◆ **What needs to be done**
The lines from the start of the records through the one containing "Pinko White Sneakers" are to be restated word for word; please include both ends.

◆ **Exercise materials**
---*---

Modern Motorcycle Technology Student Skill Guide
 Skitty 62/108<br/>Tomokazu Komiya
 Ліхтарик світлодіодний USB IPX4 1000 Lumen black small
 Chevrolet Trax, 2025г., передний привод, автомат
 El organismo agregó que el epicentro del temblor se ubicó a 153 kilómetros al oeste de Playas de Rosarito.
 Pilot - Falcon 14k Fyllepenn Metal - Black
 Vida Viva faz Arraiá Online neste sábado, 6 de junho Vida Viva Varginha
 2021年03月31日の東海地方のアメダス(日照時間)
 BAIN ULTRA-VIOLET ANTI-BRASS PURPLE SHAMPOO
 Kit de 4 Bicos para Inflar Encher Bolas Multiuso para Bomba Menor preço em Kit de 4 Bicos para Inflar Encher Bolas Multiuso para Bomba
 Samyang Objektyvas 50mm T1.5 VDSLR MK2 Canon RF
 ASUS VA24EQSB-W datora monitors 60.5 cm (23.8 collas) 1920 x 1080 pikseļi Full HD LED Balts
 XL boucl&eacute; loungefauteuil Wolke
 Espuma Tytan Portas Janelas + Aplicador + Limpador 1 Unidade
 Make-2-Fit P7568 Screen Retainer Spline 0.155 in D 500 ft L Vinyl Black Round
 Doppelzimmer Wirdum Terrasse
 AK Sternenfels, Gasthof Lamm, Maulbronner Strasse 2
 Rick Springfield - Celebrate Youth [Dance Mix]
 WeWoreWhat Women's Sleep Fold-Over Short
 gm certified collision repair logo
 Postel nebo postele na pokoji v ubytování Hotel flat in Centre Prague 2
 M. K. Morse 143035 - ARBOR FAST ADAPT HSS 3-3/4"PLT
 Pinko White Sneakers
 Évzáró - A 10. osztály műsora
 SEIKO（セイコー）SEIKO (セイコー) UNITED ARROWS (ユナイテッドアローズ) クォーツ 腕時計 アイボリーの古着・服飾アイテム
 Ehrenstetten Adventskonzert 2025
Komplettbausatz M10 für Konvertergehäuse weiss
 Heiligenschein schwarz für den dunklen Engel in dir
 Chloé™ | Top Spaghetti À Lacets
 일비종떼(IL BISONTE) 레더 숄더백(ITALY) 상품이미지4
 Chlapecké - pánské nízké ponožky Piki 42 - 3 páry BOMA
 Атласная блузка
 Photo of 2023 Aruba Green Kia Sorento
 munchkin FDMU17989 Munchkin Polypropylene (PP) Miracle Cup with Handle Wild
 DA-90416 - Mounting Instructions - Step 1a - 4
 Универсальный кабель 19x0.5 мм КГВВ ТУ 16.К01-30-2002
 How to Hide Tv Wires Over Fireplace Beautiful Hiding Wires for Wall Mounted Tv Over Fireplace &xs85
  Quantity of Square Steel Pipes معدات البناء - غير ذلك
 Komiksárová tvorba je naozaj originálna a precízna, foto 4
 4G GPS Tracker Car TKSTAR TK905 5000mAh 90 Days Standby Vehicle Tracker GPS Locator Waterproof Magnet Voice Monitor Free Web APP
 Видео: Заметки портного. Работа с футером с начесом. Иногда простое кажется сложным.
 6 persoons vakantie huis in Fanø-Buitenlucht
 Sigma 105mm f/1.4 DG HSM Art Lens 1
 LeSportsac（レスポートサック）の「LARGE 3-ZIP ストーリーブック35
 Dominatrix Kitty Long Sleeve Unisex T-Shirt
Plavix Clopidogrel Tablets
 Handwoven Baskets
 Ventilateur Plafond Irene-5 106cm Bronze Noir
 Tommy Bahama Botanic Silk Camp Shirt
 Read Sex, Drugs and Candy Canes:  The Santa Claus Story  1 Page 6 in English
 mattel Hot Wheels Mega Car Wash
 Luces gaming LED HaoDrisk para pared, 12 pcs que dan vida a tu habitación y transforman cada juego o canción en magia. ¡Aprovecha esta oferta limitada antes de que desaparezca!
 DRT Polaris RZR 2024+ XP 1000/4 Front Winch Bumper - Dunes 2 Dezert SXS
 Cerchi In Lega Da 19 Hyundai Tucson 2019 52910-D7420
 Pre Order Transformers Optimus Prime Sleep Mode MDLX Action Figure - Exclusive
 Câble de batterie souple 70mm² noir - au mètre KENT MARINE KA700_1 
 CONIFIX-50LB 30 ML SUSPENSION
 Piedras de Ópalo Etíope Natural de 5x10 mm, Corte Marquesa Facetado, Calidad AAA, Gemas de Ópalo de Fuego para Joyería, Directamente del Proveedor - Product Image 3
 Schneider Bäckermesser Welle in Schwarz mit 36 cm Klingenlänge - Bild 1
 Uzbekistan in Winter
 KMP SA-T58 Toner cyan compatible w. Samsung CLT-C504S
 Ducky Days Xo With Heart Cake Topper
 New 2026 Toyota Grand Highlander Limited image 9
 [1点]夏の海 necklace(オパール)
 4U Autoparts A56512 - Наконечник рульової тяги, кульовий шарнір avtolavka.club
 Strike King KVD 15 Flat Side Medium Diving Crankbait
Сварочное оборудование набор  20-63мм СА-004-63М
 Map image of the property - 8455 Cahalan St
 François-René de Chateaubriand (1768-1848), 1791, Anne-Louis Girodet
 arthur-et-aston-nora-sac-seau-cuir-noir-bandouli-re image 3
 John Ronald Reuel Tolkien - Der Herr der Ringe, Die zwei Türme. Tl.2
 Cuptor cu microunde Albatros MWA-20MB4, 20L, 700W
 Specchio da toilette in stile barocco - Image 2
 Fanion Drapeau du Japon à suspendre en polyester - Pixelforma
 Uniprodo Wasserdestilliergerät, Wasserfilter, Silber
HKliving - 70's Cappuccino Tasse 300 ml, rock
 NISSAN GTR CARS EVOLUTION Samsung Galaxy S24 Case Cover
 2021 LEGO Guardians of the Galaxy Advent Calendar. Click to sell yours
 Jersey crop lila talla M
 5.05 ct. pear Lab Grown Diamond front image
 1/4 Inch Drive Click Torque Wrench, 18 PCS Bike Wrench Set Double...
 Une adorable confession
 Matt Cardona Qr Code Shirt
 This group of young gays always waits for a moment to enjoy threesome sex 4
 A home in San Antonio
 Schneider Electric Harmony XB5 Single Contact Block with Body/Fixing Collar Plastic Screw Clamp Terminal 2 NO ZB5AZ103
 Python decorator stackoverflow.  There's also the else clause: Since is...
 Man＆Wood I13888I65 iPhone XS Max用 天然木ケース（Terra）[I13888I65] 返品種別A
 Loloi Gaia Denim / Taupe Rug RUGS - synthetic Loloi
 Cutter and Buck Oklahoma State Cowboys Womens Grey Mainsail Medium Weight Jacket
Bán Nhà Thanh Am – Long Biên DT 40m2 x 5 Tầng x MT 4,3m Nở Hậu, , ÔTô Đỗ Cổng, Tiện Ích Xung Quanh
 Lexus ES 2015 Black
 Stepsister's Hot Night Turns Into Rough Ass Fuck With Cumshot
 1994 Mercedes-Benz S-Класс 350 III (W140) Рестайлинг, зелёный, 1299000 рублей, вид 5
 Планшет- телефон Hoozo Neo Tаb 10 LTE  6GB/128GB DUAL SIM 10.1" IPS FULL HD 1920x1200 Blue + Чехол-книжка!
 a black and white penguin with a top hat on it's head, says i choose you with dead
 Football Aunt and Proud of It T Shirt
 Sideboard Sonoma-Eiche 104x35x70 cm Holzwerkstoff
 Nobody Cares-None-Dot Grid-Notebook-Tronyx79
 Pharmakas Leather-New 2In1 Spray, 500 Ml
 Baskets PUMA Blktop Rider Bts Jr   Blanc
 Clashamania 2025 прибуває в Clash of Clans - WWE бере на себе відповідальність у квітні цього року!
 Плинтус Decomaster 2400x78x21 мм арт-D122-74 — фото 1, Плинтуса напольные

---*---

◆ **Exercise output**
Modern Motorcycle Technology Student Skill Guide
 Skitty 62/108<br/>Tomokazu Komiya
 Ліхтарик світлодіодний USB IPX4 1000 Lumen black small
 Chevrolet Trax, 2025г., передний привод, автомат
 El organismo agregó que el epicentro del temblor se ubicó a 153 kilómetros al oeste de Playas de Rosarito.
 Pilot - Falcon 14k Fyllepenn Metal - Black
 Vida Viva faz Arraiá Online neste sábado, 6 de junho Vida Viva Varginha
 2021年03月31日の東海地方のアメダス(日照時間)
 BAIN ULTRA-VIOLET ANTI-BRASS PURPLE SHAMPOO
 Kit de 4 Bicos para Inflar Encher Bolas Multiuso para Bomba Menor preço em Kit de 4 Bicos para Inflar Encher Bolas Multiuso para Bomba
 Samyang Objektyvas 50mm T1.5 VDSLR MK2 Canon RF
 ASUS VA24EQSB-W datora monitors 60.5 cm (23.8 collas) 1920 x 1080 pikseļi Full HD LED Balts
 XL boucl&eacute; loungefauteuil Wolke
 Espuma Tytan Portas Janelas + Aplicador + Limpador 1 Unidade
 Make-2-Fit P7568 Screen Retainer Spline 0.155 in D 500 ft L Vinyl Black Round
 Doppelzimmer Wirdum Terrasse
 AK Sternenfels, Gasthof Lamm, Maulbronner Strasse 2
 Rick Springfield - Celebrate Youth [Dance Mix]
 WeWoreWhat Women's Sleep Fold-Over Short
 gm certified collision repair logo
 Postel nebo postele na pokoji v ubytování Hotel flat in Centre Prague 2
 M. K. Morse 143035 - ARBOR FAST ADAPT HSS 3-3/4"PLT
 Pinko White Sneakers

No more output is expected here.